Y de repente despertamos un día y el mundo cambió: En Disney se apagó la magia. La muralla china no era tan fuerte. New York ahora duerme. La NBA dijo no bolas ahora. Ningún camino quiere conducir a Roma. La cordura le cedió el paso a la histeria y el pánico.
Un virus se corona, como si fuese dueño del mundo.
Y entonces nos dimos cuenta de nuestra fragilidad. No sabemos si el daño es a propósito o irresponsabilidad de nosotros mismos. Pero la amenaza está ahí cada día más fuerte.

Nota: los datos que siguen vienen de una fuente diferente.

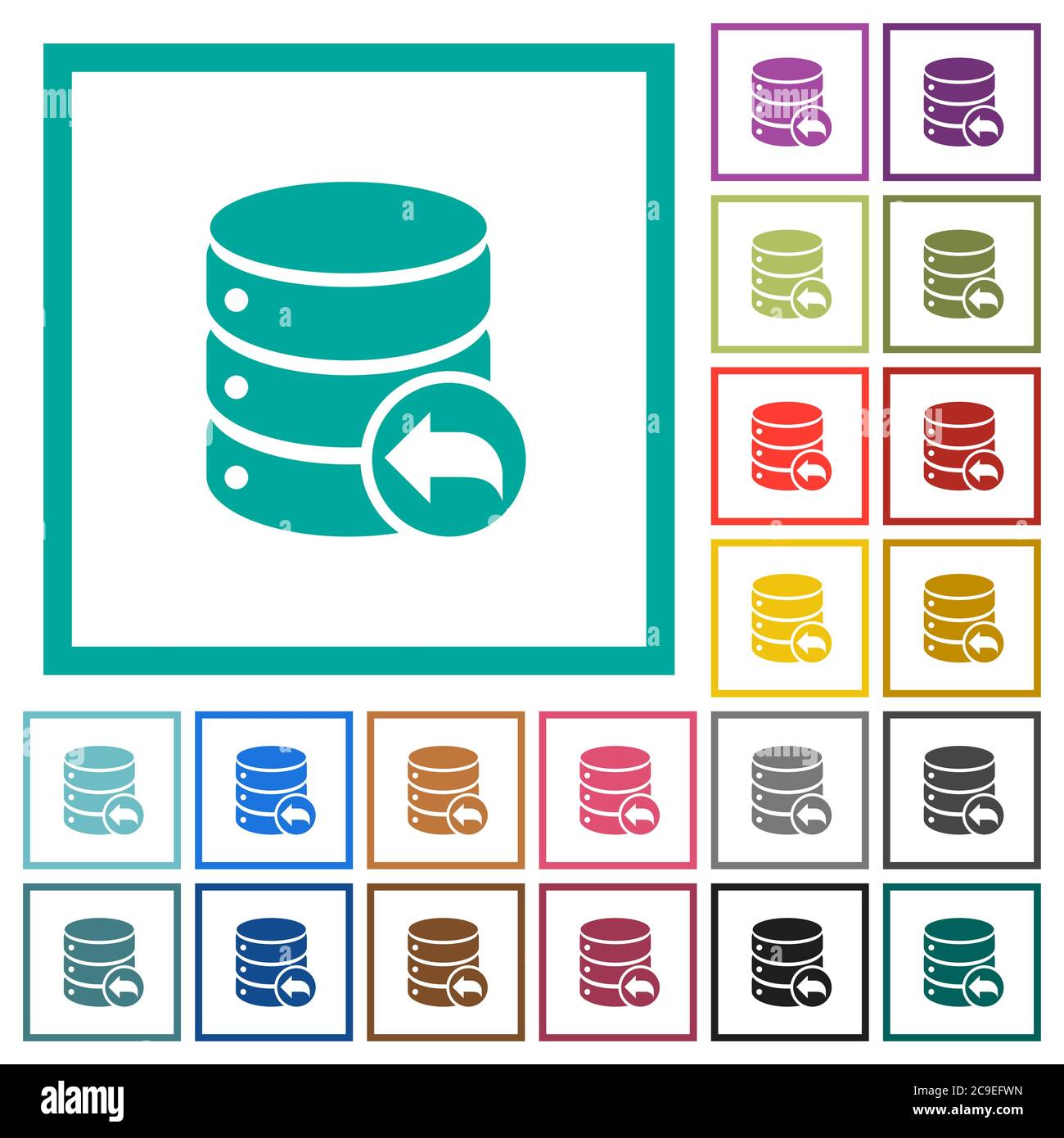 Database transaction rollback flat color icons with quadrant frames on white background Stock Vector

Ya los memes no causan tanta risa. Los abrazos y los besos se transformaron en armas peligrosas. Y la escasez de productos, nos demuestra una vez más lo egoísta que somos. Tan egoístas, que decimos "no hay problema, este virus solo se lleva a los viejitos”, como si no tuviéramos a nuestros padres o como si no fuéramos a llegar nunca ahí.

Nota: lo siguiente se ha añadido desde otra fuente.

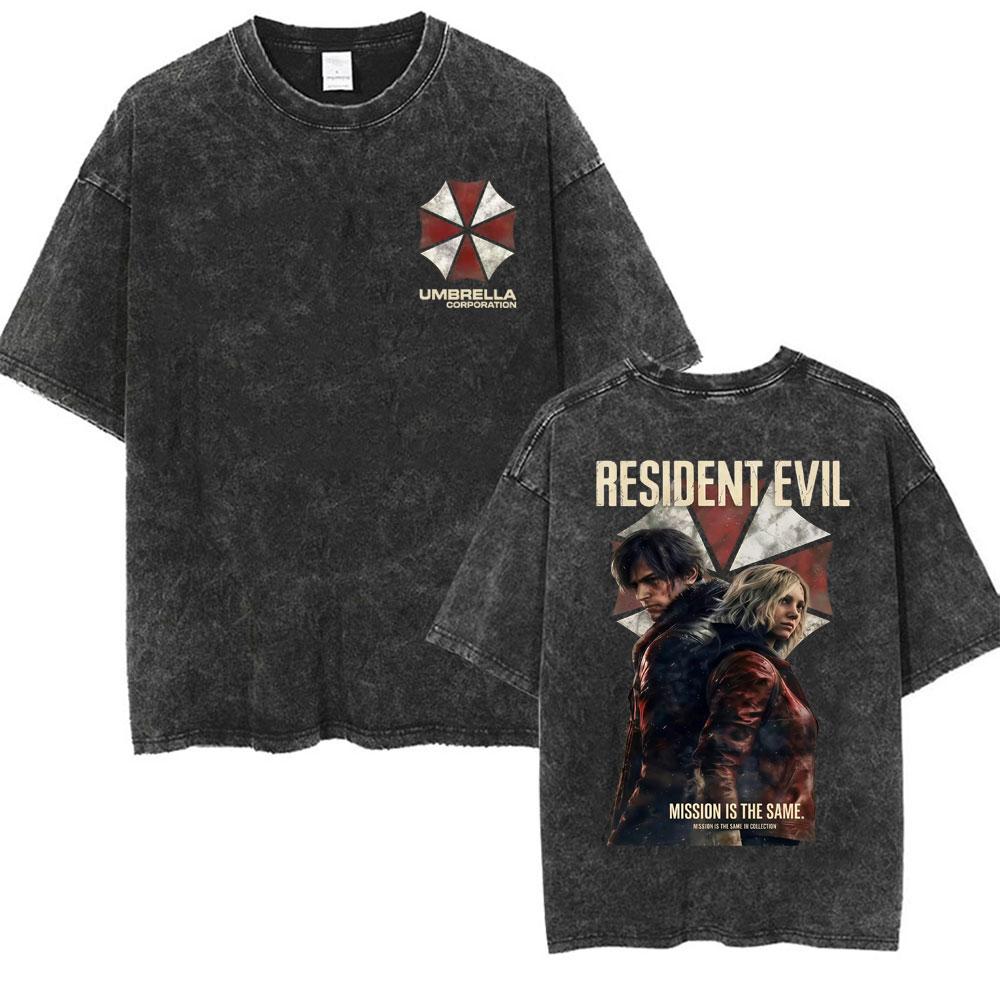 T-shirt Anime Édition Limitée Resident Evil Requiemm Vêtements pour Hommes Gothique Vintage Lavé T-shirts Hauts d'Été T-shirt à Col Rond Streetwear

Queremos hacer valer nuestros "derechos" de decidir si dejar vivir o no a otro. Y ahora nos damos cuenta que no podemos ni decidir por la vida de nosotros.
Un planeta que hoy se pone una máscara, no solo para un virus, sino para tapar nuestra vulnerabilidad, mezclada con soberbia. Y se lava las manos para no reconocer nuestra responsabilidad tal, como un Pilatos.
Pero hay algo que el coronavirus no cambiará. Es el amor y la misericordia de Dios. Eso permanecerá por la eternidad.
Así que amigos: Que no disminuya nuestra fe, no paremos de orar. Él está en control. Yo lo creo. ¿Y tú?